Bitcoin fell like a rock last week as many speculators in the cryptocurrency decided to book profits and head to the sidelines after JPMorgan Chase CEO Jamie Dimon warned about the dangers of Bitcoin, saying "It's worse than tulip bulbs. It won't end well. Someone is going to get killed." He even said the cryptocurrency "is a fraud."
The virtual currency was also pressured by the decision by Chinese authorities to crackdown on the digital currency. Last week's plunge came after Beijing ordered cryptocurrency exchanges to stop trading and block new registrations, due to fears that increasing number of customers piling into the market could lead to a string of wider financial problems.
"All trading exchanges must by midnight of 15 September publish a notice to make clear when they will stop all cryptocurrency trading and announce a stop to new user registrations," the government notice said, according to Chinese state newspaper Securities Times.
BTChina , one of the biggest Chinese exchanges, was the first to announce it was shutting its doors to all trading by September 30. OkCoin and Huobi followed this news with an announcement saying they would close on Friday.
The news from China is likely to have a big impact on Bitcoin prices because the nation accounts for almost a quarter of bitcoin trades and is also home to many of the world's biggest bitcoin miners.
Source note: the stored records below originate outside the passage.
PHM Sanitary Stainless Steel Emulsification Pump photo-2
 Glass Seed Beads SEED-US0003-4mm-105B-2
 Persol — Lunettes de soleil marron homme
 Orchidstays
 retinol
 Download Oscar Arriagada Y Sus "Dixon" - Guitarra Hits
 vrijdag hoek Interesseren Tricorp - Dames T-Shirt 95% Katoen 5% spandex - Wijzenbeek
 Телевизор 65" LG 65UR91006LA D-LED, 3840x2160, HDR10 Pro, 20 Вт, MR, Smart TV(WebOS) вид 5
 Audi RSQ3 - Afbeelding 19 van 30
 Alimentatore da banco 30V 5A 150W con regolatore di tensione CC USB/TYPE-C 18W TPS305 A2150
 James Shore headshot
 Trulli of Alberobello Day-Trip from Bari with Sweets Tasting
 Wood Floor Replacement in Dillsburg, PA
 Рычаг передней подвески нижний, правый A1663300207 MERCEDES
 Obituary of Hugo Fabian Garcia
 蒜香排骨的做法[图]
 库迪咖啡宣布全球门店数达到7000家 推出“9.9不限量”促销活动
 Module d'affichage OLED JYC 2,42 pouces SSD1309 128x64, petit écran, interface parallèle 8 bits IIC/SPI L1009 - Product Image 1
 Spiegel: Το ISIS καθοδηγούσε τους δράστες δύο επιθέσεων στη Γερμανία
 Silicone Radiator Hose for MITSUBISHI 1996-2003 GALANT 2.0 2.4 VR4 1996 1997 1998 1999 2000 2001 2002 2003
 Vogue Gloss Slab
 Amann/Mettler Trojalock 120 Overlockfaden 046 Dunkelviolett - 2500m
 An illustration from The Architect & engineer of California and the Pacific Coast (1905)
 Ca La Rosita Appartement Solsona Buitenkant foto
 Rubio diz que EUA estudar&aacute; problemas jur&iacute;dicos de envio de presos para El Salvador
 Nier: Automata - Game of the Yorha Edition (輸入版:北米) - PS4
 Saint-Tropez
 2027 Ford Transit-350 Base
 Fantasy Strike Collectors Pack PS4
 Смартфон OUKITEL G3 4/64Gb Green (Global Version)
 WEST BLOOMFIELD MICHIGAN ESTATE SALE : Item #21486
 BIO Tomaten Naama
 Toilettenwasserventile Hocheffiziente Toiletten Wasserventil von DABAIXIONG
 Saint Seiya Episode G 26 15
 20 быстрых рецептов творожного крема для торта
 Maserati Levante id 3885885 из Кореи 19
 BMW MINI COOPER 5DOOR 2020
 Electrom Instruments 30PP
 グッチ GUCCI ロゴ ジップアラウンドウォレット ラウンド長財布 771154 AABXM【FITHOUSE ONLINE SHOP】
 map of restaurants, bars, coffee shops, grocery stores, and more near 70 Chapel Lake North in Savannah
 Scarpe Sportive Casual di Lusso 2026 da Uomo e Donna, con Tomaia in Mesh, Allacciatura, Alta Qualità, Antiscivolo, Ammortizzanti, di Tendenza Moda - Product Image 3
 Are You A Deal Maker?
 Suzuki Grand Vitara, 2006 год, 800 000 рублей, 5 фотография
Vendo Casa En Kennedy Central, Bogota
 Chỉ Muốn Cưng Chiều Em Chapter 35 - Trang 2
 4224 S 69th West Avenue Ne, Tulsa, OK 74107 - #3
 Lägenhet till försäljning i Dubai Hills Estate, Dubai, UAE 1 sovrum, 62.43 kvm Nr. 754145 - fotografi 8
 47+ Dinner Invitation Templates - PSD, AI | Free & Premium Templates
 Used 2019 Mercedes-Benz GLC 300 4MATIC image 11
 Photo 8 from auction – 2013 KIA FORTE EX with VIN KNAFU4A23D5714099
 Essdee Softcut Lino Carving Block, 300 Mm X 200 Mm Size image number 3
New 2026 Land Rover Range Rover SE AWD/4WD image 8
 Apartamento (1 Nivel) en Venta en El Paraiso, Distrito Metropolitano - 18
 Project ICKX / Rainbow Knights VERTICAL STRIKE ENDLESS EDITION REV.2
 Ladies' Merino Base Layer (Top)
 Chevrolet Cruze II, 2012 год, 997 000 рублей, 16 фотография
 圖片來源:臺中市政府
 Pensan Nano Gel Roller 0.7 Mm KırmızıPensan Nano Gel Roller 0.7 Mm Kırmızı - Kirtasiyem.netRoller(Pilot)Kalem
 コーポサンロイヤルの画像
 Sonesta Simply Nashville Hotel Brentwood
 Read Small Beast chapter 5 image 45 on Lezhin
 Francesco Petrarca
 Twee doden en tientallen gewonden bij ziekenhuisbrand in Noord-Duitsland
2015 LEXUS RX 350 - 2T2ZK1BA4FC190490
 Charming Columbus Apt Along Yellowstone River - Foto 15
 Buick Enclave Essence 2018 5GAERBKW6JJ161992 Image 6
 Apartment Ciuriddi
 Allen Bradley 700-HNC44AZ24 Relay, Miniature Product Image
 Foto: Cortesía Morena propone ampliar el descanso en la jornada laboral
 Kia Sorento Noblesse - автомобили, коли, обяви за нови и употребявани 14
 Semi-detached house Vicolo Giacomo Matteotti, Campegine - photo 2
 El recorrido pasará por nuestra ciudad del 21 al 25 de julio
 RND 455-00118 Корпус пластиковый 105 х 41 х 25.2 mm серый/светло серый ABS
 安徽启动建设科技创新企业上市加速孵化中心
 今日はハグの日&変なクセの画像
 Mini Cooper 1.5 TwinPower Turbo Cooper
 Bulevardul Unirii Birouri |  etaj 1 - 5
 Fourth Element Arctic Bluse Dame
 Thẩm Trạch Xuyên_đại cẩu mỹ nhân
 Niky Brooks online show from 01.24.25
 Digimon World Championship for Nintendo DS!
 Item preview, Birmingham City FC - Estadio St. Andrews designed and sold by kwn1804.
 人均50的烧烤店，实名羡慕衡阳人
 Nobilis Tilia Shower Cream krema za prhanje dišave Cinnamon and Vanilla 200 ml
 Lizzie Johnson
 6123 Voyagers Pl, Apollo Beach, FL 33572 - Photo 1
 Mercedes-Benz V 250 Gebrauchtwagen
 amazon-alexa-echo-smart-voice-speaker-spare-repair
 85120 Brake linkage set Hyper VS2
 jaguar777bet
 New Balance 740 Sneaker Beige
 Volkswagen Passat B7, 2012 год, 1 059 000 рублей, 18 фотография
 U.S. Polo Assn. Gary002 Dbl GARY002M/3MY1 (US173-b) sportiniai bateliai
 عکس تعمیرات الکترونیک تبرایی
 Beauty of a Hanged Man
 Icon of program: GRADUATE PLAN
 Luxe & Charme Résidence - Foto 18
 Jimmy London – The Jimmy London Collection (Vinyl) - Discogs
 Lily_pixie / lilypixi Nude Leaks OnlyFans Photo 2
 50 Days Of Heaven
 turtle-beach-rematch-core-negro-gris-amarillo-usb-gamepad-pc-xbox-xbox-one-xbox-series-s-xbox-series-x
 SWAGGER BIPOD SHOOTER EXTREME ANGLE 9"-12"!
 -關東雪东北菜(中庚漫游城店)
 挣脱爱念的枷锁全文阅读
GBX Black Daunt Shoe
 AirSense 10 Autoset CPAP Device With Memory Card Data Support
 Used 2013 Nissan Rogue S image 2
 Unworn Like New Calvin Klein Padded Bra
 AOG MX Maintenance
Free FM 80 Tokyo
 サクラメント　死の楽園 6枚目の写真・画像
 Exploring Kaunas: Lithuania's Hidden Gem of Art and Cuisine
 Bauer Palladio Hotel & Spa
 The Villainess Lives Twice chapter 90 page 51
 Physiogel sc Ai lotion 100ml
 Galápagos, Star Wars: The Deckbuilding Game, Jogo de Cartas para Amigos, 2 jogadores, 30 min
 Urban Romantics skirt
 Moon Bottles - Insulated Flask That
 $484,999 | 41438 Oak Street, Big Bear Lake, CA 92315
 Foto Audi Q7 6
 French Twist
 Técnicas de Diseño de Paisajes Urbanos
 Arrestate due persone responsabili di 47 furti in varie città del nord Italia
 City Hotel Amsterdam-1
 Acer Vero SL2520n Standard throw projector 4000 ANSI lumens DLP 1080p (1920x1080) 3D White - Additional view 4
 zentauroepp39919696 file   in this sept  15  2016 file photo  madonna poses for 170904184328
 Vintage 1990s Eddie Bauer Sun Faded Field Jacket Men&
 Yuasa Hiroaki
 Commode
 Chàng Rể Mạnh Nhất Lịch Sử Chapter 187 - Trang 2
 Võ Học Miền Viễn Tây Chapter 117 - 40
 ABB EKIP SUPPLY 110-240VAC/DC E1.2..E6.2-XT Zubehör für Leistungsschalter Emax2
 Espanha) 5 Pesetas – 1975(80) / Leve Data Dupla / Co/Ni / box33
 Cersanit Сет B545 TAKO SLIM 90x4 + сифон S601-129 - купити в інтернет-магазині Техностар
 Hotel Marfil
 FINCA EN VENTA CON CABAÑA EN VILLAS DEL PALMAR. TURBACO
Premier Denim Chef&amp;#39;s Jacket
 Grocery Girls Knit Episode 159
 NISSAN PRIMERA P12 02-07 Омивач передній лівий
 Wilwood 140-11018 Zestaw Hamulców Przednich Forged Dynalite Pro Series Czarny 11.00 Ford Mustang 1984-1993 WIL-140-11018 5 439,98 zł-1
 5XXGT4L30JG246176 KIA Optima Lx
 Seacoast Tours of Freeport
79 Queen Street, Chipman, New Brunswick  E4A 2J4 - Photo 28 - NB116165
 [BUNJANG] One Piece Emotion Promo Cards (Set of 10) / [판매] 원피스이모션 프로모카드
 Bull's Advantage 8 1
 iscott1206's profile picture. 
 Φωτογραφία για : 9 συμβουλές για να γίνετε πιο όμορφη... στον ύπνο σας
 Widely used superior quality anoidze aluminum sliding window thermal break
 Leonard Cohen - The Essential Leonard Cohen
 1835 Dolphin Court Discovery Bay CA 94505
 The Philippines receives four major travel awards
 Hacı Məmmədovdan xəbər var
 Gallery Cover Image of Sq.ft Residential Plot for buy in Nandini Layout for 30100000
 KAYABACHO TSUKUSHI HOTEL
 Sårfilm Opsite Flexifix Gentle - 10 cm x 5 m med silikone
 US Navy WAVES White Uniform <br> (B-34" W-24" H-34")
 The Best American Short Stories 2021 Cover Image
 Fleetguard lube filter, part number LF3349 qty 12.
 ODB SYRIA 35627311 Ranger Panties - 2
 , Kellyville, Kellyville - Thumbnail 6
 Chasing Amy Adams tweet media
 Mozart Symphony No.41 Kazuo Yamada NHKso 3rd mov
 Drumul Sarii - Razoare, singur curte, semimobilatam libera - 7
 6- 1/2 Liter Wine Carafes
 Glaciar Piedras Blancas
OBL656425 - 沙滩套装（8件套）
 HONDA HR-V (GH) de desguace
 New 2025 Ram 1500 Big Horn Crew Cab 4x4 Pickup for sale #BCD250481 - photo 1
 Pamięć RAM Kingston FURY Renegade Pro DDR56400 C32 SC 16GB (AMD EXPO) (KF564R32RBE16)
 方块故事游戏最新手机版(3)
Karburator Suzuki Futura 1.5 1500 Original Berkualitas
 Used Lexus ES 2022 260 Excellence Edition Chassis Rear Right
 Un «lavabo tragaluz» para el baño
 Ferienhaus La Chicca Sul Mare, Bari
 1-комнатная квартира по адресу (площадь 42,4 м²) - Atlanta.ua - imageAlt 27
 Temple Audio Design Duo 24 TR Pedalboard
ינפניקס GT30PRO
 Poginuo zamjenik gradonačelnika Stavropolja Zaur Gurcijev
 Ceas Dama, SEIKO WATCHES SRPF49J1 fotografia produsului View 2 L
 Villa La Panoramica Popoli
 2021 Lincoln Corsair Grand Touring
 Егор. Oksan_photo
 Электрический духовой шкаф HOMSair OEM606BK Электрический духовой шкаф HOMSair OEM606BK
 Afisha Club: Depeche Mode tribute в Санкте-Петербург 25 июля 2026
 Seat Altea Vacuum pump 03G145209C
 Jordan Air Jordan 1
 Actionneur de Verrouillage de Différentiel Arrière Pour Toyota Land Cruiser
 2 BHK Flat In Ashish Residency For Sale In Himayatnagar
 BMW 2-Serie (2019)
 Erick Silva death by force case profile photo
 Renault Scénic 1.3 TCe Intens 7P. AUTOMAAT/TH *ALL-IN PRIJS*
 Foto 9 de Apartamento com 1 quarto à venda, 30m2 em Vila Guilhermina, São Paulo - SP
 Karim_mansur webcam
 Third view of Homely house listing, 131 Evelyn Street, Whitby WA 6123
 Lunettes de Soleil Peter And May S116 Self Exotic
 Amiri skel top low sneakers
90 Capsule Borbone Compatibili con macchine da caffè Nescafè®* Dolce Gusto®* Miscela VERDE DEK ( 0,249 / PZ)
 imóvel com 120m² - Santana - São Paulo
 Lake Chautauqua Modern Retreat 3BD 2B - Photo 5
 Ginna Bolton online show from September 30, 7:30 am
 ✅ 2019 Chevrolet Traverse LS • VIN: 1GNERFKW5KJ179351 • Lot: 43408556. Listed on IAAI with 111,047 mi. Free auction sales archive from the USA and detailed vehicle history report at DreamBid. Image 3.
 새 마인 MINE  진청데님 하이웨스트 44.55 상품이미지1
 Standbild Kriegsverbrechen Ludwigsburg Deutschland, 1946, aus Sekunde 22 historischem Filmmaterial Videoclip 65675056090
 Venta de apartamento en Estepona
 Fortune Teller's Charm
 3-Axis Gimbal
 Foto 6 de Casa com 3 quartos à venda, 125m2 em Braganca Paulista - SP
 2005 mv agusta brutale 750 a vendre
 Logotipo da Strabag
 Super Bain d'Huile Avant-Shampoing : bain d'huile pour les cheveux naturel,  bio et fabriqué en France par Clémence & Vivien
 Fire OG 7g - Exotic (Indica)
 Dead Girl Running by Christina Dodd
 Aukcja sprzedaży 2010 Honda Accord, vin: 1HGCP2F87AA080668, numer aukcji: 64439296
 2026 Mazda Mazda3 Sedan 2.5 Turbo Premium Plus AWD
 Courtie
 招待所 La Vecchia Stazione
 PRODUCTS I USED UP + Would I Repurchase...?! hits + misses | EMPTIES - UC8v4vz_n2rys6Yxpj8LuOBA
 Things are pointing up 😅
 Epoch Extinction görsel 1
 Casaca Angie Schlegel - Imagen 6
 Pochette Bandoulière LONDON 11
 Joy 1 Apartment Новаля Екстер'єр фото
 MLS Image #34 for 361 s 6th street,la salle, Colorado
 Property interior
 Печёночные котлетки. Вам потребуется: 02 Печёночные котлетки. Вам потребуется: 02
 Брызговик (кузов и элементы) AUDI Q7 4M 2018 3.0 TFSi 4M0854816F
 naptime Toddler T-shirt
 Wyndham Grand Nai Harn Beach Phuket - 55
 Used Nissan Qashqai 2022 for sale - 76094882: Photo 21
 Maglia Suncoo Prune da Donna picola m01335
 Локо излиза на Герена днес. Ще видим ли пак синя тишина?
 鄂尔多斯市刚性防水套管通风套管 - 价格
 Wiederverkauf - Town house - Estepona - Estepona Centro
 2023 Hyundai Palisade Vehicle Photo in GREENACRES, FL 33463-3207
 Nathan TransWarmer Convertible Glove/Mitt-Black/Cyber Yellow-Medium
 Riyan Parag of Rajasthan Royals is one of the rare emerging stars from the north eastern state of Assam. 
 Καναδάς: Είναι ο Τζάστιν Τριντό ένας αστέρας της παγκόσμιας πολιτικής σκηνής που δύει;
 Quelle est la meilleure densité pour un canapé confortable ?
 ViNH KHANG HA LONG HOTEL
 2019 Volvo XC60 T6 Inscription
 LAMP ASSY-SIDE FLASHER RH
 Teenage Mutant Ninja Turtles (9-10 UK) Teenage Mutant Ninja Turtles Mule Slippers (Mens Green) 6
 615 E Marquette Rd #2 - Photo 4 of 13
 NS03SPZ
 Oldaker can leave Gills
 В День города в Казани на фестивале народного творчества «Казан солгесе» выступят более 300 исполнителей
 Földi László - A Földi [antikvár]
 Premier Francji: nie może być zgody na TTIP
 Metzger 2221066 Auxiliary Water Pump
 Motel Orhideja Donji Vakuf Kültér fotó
It's One Man's Opinion, Why All the Anger?

It's important to note that Jamie Dimon's comments were his opinion so you have the choice to believe what he said or not believe. For every negative comment from a banking heavy-weight like Dimon, we can find a similar number of positive comments about Bitcoin.
Making investment or trading decisions based on the opinions of others is nothing new to the financial community. That's what makes a market. For example, some soybean traders may believe one weather service when they say the crop will get ample rain. Others will believe the other weatherman who says there will be a drought.
Perhaps the most successful investor of all-time, Warren Buffett has often said he doesn't invest in anything he doesn't understand. Once again, that's his opinion and if he says he doesn't like Bitcoin, he may be telling us, he doesn't understand the cryptocurrency market. As a professional, he isn't afraid to say he's missed opportunities in the past. One of his biggest regrets may be passing on Apple or Amazon when shares were cheap. However, he doesn't dwell on it.

Bitcoin Has Become a Trading Market

I think what's making Bitcoin investors uncomfortable with the events last week is that Bitcoin is no longer flying under the radar and that it has become a trading market. And trading is 90% mental and 10% mechanical.
I suspect that many Bitcoin "investors" were happiest when they could buy the digital currency, put it in their electronic wallet and forget about it because they believed it was going to go to $10,000, $50,000 or even $100,000. If that's their strategy then no one should argue with them.
However, if you decide to become a Bitcoin "trader" then you are going to have to put up with the volatile swings that are part of all markets. You'll have to deal with choosing the right digital currency to trade. Just like stocks, some will win, some will lose.
You see investing and trading are two different animals. When no one was watching Bitcoin, profits may have come easy, but now you're going to have to work for it. I embrace cryptotechnology and all the good that will come about because of it. I also embrace volatility but I know my limits. If you're going to trade Bitcoin and all the opinions, issues and excessive price swings that go along with it then you're going to have to learn to embrace volatility because it's not going to go away anytime soon. I say embrace volatility or perish.
The other thing, make sure you know if you are a Bitcoin investor or a Bitcoin trader. There's an old adage amongst traders and it goes something like this:  All it takes is a small loss to turn a short-term trader into a long-term investor. In other words, if you decide to trade Bitcoin during these turbulent times, make sure you are willing to take small losses if you are wrong. Otherwise, you may end up holding on to something that may in the long-run be nothing but an illusion.